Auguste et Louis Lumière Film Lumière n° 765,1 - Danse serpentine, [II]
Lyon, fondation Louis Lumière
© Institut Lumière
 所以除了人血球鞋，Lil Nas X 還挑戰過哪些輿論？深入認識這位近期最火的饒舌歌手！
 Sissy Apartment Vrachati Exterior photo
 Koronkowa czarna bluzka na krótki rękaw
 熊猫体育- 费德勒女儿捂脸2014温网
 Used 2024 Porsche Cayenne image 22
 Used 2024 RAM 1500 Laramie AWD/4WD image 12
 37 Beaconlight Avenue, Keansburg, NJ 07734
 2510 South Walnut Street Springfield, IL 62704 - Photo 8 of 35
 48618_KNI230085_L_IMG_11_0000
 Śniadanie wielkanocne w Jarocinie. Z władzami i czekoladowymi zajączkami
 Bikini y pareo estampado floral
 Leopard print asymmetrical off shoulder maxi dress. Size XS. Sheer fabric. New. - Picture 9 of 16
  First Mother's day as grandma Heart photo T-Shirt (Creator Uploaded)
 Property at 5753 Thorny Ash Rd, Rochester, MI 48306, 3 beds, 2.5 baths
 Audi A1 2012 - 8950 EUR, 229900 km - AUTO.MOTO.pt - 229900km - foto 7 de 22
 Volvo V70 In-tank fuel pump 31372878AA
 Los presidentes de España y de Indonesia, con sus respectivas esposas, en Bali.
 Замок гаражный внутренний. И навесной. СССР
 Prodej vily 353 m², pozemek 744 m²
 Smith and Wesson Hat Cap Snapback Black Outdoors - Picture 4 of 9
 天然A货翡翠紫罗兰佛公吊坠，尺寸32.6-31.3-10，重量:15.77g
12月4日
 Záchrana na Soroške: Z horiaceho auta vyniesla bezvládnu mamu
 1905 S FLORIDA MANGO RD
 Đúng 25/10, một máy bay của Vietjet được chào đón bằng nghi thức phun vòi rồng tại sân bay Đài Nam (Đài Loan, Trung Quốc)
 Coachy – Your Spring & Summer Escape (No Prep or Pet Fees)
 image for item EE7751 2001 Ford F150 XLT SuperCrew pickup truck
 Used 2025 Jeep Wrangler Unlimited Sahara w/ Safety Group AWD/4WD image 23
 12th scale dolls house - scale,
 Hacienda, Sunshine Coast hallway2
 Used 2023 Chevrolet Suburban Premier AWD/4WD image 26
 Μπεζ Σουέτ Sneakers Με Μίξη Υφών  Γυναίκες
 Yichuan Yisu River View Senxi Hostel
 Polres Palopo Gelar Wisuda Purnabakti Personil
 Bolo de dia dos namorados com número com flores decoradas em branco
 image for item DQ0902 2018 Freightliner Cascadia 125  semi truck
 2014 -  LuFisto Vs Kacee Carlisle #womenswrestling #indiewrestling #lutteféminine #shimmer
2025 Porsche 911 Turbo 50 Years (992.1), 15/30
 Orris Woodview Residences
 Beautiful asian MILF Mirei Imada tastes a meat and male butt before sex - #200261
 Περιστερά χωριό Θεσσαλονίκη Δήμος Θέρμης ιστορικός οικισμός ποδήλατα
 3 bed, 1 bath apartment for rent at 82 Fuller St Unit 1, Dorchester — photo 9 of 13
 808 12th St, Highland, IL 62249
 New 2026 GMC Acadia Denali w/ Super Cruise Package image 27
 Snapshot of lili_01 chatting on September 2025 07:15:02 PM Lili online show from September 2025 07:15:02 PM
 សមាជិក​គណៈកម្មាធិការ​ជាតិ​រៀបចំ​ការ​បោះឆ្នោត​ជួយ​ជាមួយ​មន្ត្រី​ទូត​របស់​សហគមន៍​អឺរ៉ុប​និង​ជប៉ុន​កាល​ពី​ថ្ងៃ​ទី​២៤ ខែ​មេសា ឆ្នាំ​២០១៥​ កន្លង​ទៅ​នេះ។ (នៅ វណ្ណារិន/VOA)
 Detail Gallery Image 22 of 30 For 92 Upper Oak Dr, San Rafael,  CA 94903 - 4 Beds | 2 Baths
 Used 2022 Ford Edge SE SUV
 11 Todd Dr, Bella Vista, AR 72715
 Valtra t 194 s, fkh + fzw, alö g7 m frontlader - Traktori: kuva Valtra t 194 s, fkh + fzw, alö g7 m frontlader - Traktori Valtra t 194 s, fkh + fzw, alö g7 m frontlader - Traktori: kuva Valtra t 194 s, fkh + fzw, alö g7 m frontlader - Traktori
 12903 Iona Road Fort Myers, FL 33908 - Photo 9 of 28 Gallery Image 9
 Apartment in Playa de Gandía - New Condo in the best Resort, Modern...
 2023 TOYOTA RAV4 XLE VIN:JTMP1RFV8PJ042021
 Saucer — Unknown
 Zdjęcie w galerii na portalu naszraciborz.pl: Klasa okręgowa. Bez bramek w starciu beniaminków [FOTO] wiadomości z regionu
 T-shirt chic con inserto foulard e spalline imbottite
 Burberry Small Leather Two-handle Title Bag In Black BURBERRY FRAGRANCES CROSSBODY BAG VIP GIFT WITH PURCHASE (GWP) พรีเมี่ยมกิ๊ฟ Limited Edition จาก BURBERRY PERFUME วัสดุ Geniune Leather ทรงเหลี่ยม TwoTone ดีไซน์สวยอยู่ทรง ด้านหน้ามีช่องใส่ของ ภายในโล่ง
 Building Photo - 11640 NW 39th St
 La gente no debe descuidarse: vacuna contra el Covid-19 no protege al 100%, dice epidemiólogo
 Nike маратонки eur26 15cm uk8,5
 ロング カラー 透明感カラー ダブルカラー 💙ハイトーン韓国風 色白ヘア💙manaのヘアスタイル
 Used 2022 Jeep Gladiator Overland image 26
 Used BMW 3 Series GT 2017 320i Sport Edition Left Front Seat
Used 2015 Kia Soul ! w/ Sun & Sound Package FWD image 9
--------------------
→ EXERCISE DESCRIPTION
Write out the lines above from the one containing "ロング カラー 透明感カラー" through the last, exactly as they are.

→ EXERCISE RESULT
 ロング カラー 透明感カラー ダブルカラー 💙ハイトーン韓国風 色白ヘア💙manaのヘアスタイル
 Used 2022 Jeep Gladiator Overland image 26
 Used BMW 3 Series GT 2017 320i Sport Edition Left Front Seat
Used 2015 Kia Soul ! w/ Sun & Sound Package FWD image 9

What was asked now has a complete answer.